Recorded data
Content starts

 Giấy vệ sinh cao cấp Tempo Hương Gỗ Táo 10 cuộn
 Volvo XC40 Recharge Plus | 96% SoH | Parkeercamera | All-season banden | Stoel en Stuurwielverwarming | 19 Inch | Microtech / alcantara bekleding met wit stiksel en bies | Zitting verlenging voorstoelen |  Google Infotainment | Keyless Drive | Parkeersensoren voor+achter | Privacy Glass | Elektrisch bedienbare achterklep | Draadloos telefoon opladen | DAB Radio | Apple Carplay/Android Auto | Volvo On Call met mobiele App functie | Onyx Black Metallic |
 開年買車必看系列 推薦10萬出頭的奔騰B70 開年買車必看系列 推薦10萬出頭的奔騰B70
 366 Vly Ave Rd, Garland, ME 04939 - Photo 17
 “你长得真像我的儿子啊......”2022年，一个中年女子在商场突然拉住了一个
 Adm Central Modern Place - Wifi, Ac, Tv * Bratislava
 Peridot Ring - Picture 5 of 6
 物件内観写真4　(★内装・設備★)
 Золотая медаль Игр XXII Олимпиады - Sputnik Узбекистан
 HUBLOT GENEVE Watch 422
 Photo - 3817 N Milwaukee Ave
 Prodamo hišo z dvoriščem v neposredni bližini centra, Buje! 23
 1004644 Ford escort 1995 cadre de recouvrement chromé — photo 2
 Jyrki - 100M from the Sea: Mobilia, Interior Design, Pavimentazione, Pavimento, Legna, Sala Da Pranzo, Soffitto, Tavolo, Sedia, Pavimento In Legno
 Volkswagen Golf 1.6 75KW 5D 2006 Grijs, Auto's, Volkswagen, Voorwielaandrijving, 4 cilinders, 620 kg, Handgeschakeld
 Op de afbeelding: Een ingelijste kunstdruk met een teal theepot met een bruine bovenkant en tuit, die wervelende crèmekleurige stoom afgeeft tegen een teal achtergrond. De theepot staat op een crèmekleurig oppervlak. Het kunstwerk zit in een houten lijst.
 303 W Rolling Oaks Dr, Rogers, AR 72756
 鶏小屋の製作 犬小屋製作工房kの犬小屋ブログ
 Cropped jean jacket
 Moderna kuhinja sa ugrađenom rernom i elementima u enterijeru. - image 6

Content ends

▶ _TO DO_
State the number of lines above that hold the word "Auto", and say nothing else.

▶ _OUTPUT OF THE TASK_
2